Objection is also made by plaintiff to the trial court's rulings on the admissibility of certain portions of the testimony and several instructions that were given. The testimony elicited from several witnesses, including plaintiff, generally concerned the previous custom of plaintiff and other ironworkers in erecting, inspecting, and testing scaffolds used in their trade. Portions of the testimony concerned common practices for making a scaffold safe and reliable, while other portions referred to whether plaintiff was aware of these practices or had ever been instructed in them. The instructions were those provided in the Illinois Pattern Jury Instruction, Civil (2d ed. 1921) or slight modifications thereof. In support of his claim, plaintiff argues that the objectionable testimony and instructions allowed the jury to consider the conduct of plaintiff as a defense to a violation of the Structural Work Act by the defendant.

• 6, 7 One of the objectives of the Structural Work Act is to deter injuries to individuals employed in dangerous or extra-hazardous occupations. In order to effectuate such a purpose, the courts of this state have consistently ruled that contributory negligence and assumption of the risk are not defenses to a violation of the Act. (Palier v. Dreis & Krump Manufacturing Co., 81 Ill. App.2d 1, 225 N.E.2d 67.) Nor is it a defense to a defendant liable under the Act that the plaintiff may have been concurrently at fault. (Gundich v.

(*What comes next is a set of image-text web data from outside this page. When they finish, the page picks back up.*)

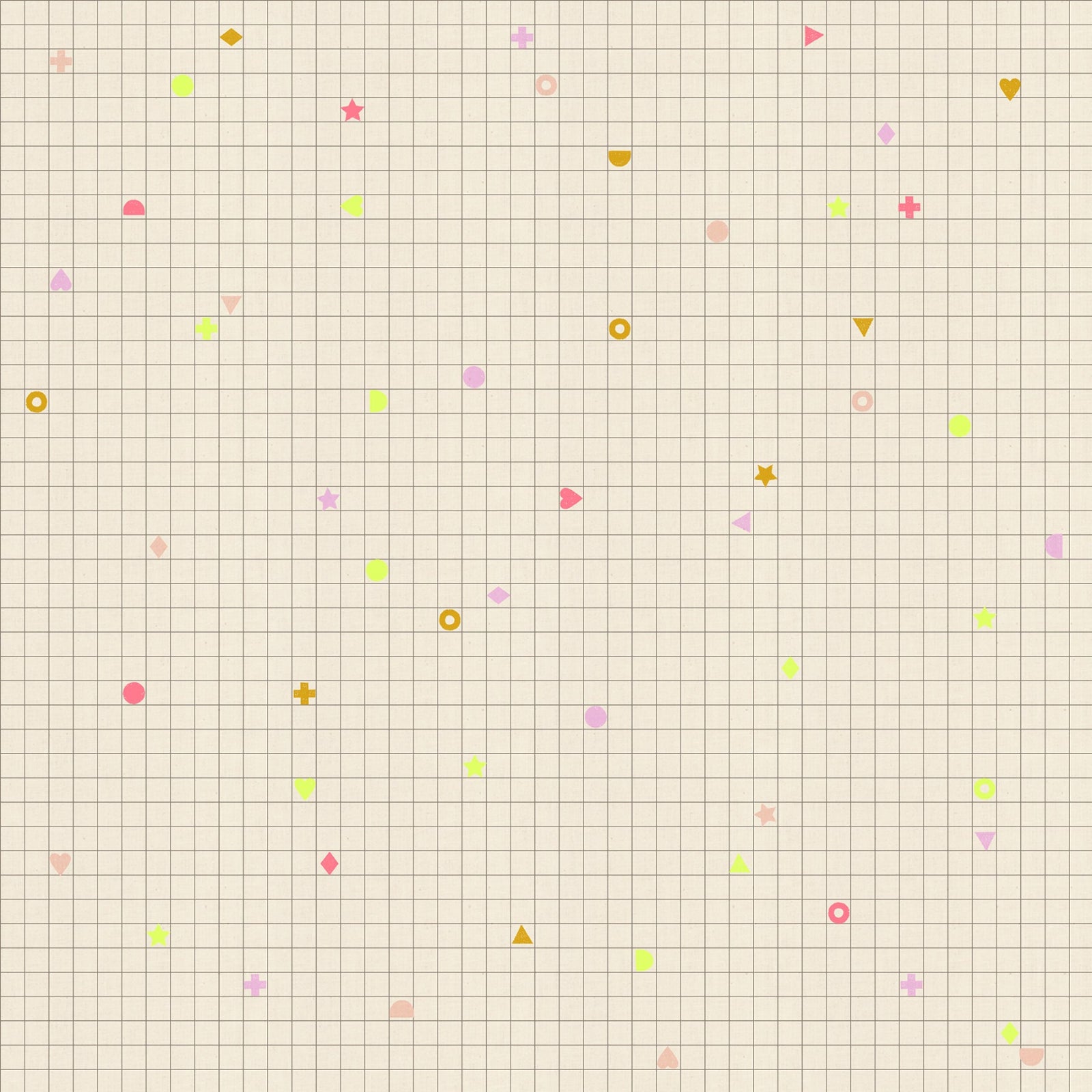 Colorful geometric shapes on a grid background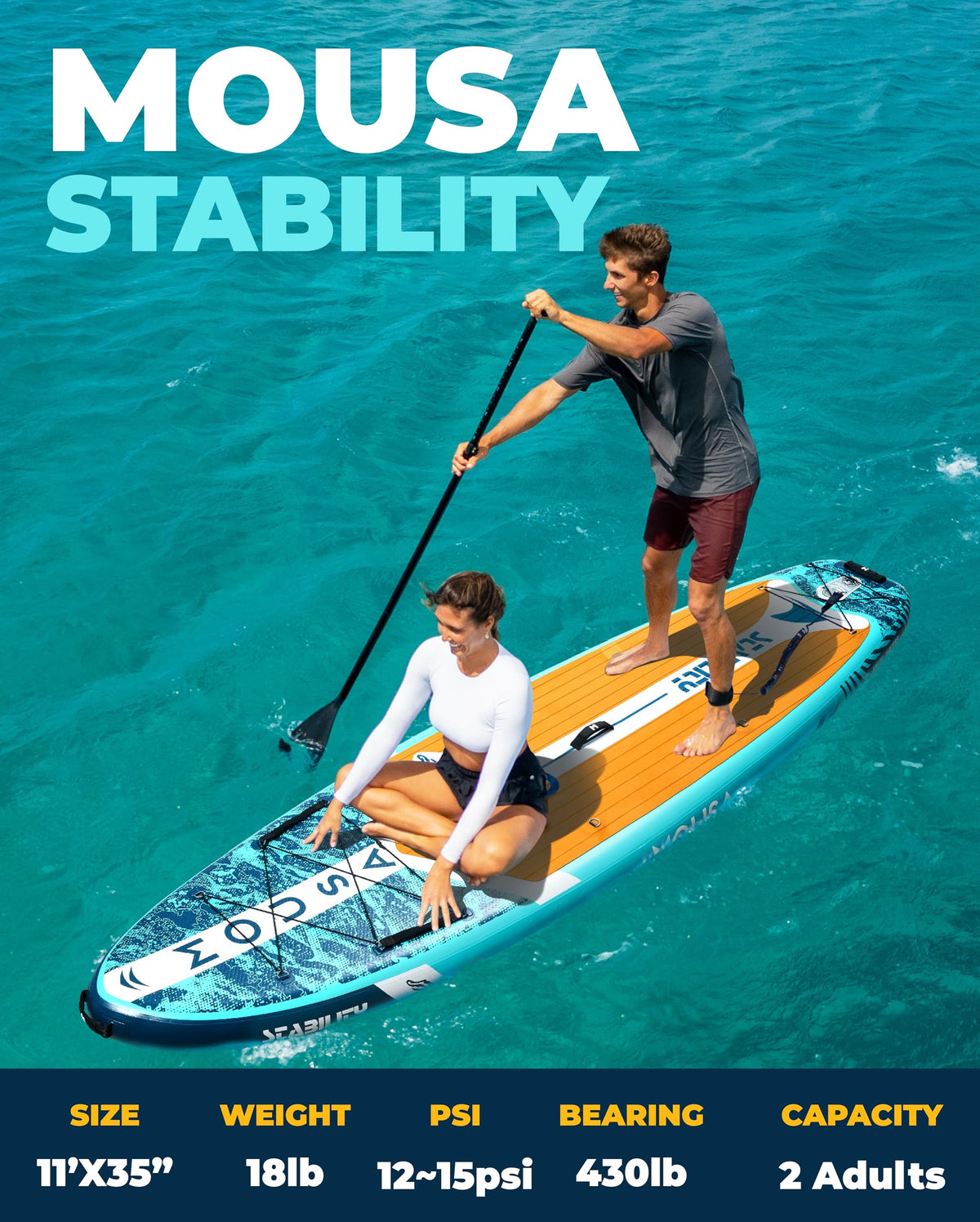 MOUSA 10β8/11'Γ35" Extra Wide Inflatable Stand Up Paddle Board, Stable Paddleboard SUP for 2 People/Family, Anti-Slip Full EVA Deck, 3 Handles, 100L Backpack, All-Round Sup Board, Big Fin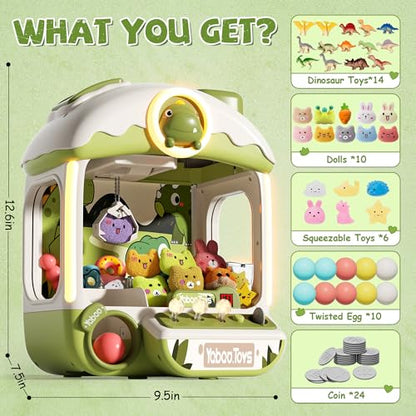 Large Claw Machine for Kids, Dinosaur Vending Machines Toys for Boys 4-6, Mini Candy and Prize Electronic Dispenser Game with Sound Lights, Idea Birthday Gift for 3 4 5 6 Year Old Boy Girl - color: Green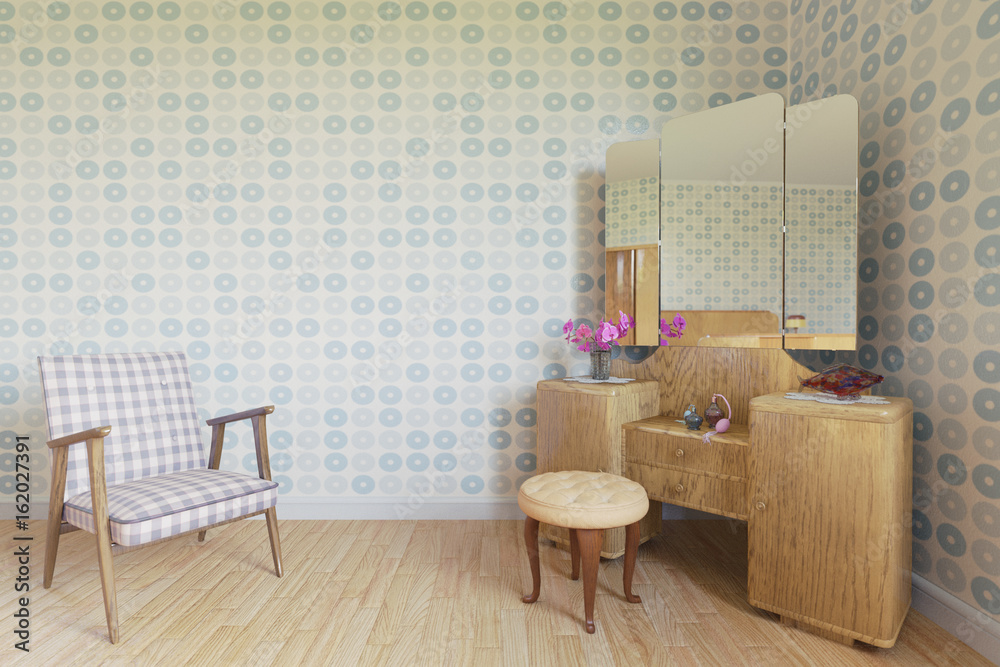 Clean interior - Modern PRL #3D Render  - obrazy, fototapety, plakaty 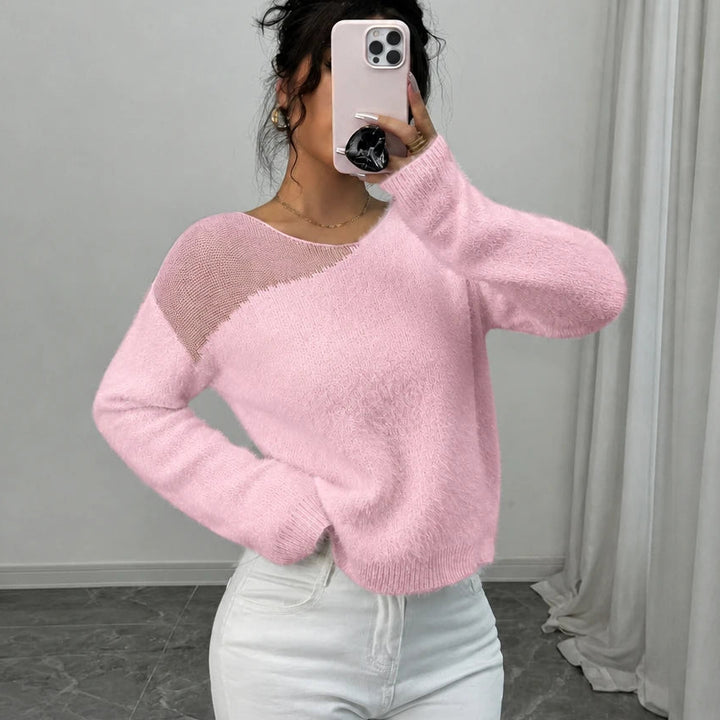 Veloura – Sheer-Shoulder Faux-Mink Sweater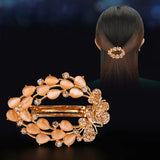 Amethyst Hollow Flower Hairpin Rhinestone Top Clip Women's Hairpiece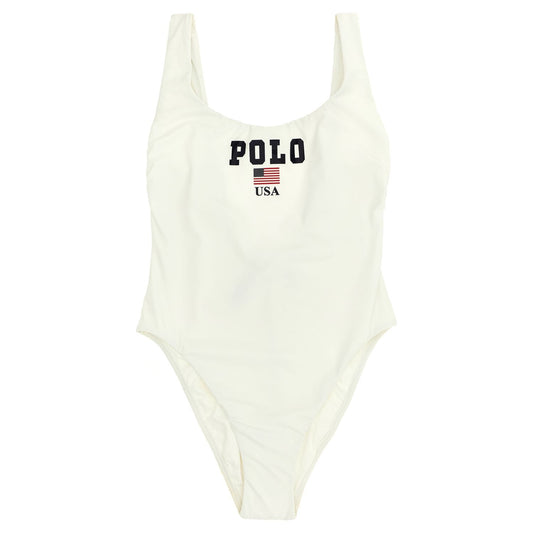 Polo Ralph Lauren White Nylon One-Piece Swimsuit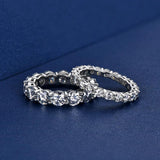 Luxury 3mm 0.1CT 5mm 0.5CT Moissanite Diamonds Eternity Rings - Silver Wedding Engagement Fine Jewellery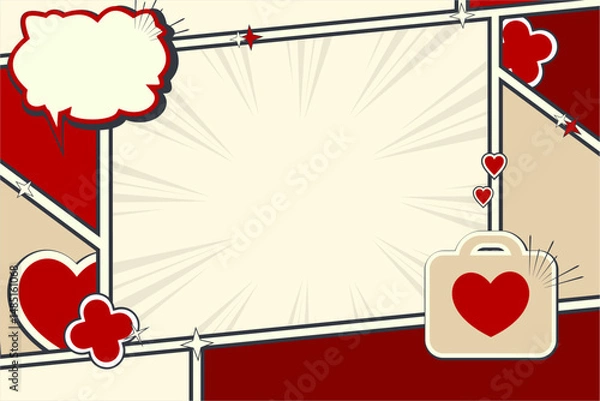 Obraz template for World Red Cross Day season with comic pop art style design set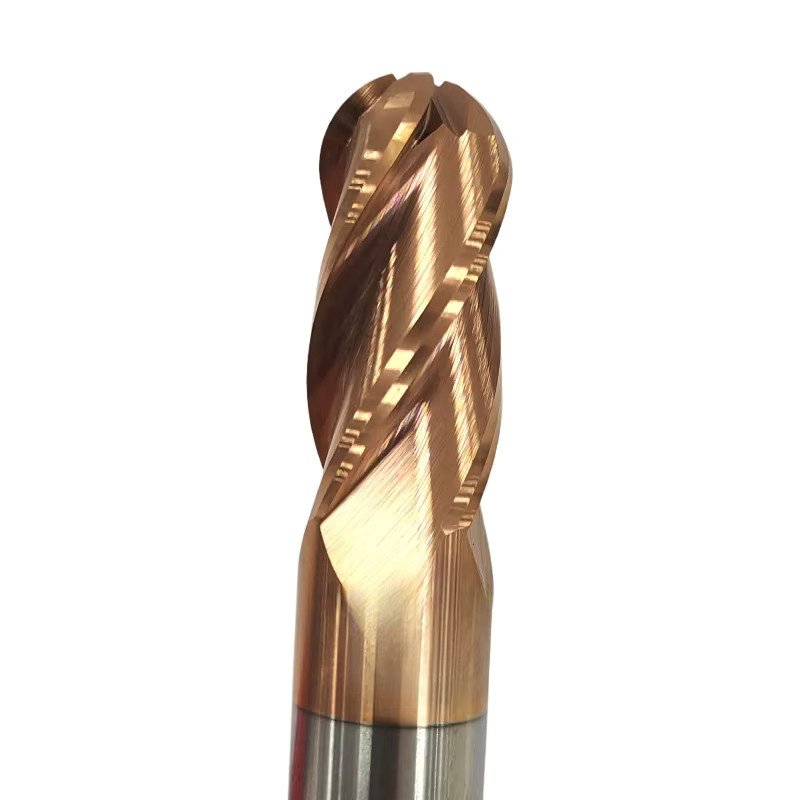 4-schneidiger Kugelkopffräser aus Wolframkarbid für Stahl HRC55/65 mit verschiedenen Radien R0,5 bis R9 - Bild 2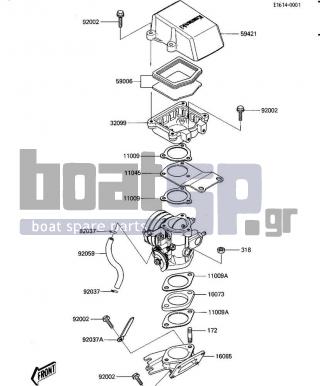 KAWASAKI - JS300 1987 - Engine/Transmission - FLAME ARRESTER/CARBURETOR BRACKETS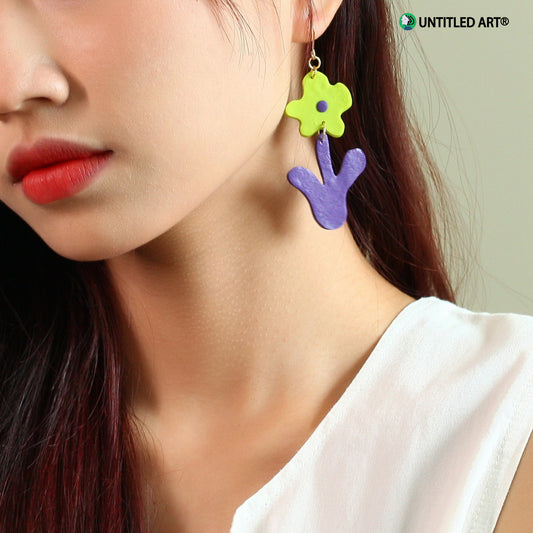 Abstract flower cactus handmade derivative earrings cool summer simple fashion exaggerated earrings ear clips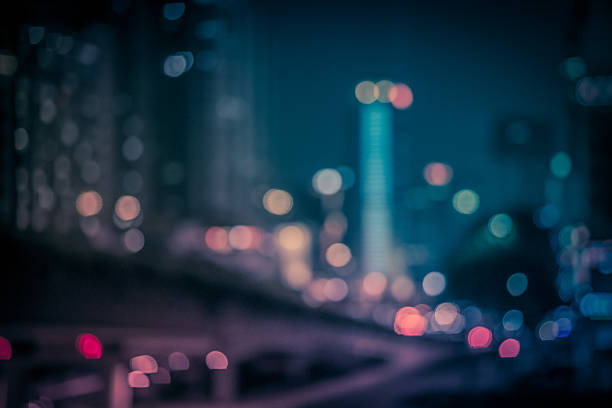 abstract light in city at night, defocused.
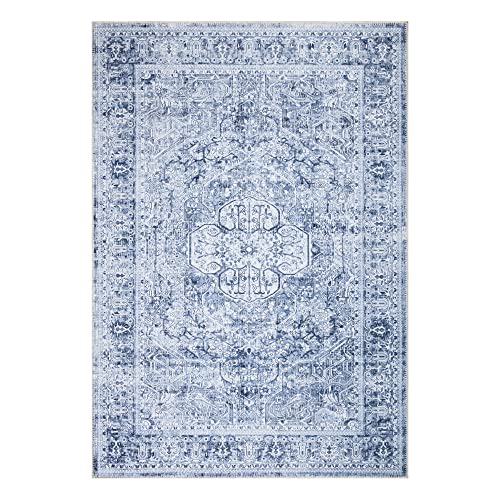 Bloom Rugs Washable Non-Slip 4' x 6' Rug - Beige/Blue Traditional Area Rug for Living Room Bedroom Dining Room and Kitchen - Exact Size: 4' x 6'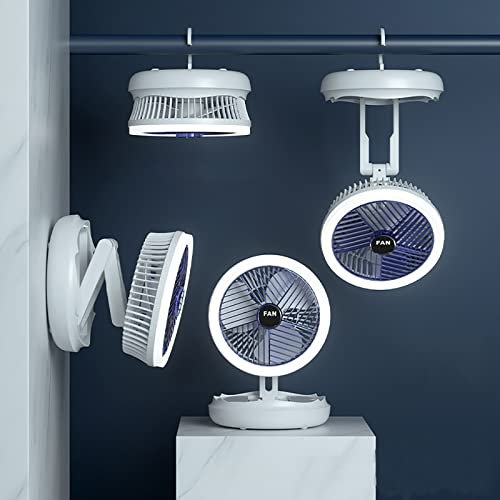 Ventilador eléctrico de escritorio plegable multifuncional, ventilador pequeño de carga con luz nocturna, ventilador de techo giratorio montado en la pared, ventilador personal de escritorio USB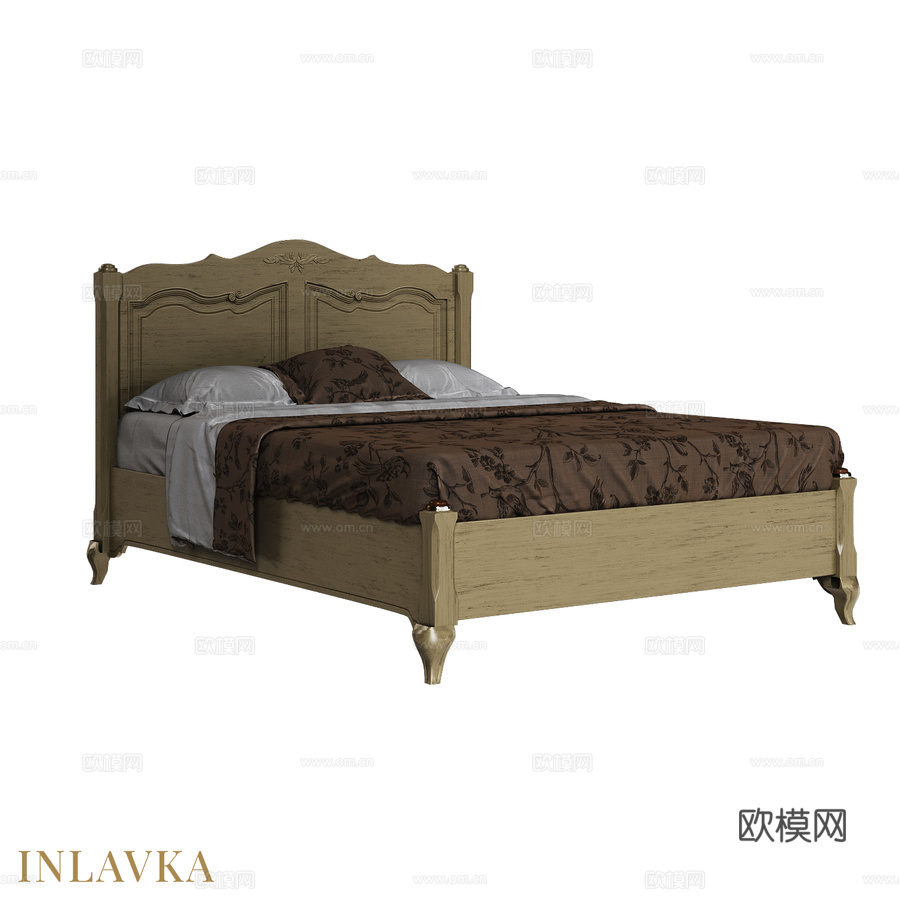 OM床140x190经典款低脚板3d模型下载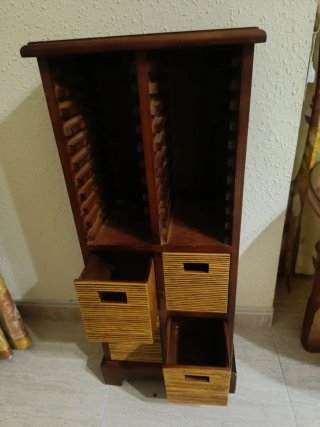 Mueble Auxiliar Madera y Bambú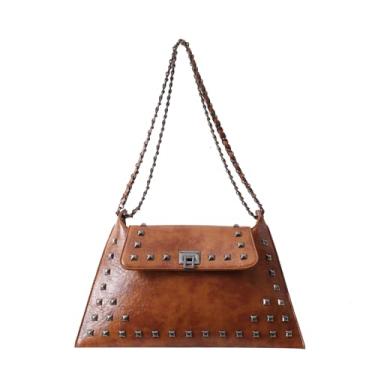 Imagem de Tekzitfuir Bolsa envelope feminina rebitada bolsa transversal para mulheres corrente bolsa de ombro Hobo bolsa mensageiro bolsa bolsa bolsa clutch bolsas, Marrom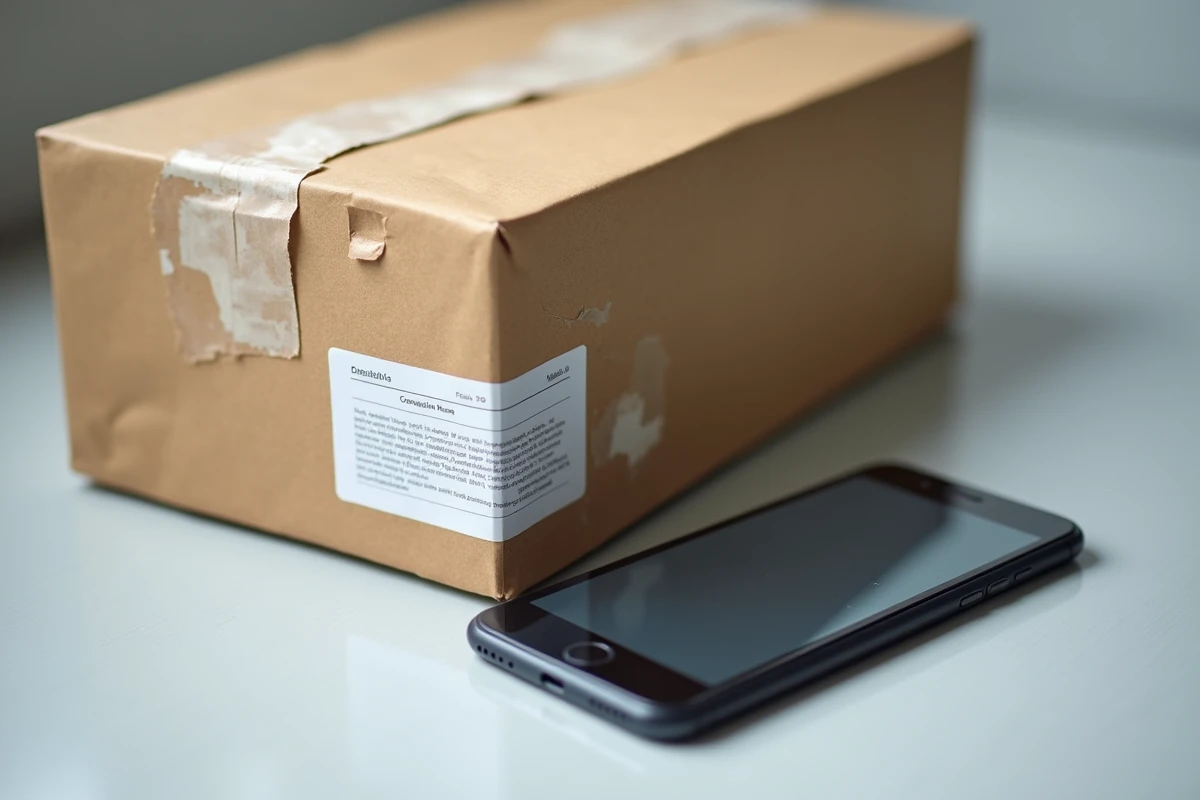 Gros plan d'un colis abîmé et d'un smartphone pour documenter une anomalie en vue d'un remboursement Lieusaint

Emerson-Comstock Co., 21 Ill.2d 117, 171 N.E.2d 60.) However, it is incumbent for the plaintiff to establish a causal connection between any violation of the act and the injury to plaintiff. See Schultz v. Henry Ericsson Co., 264 Ill. 156, 106 N.E. 236.

• 8, 9 Once a wilful violation of the act by a person in charge has been shown to be the proximate cause of plaintiff's injury, then any testimony regarding plaintiff's conduct is immaterial and irrelevant, since concurrent fault is not a defense to liability under the Structural Work Act. However, we are not prepared to say, as plaintiff would have us to, that evidence regarding plaintiff's conduct and previous experiences was neither relevant nor material for the jury to consider along with all other evidence in reaching its verdict. What is the proximate cause of an injury is normally a question of fact for the jury, to be determined from a consideration of all attending facts and circumstances. (Schultz v. Henry Ericsson Co., 264 Ill. 156, 106 N.E. 236.) It was proper for the jury to hear this testimony, not only on the issue of ...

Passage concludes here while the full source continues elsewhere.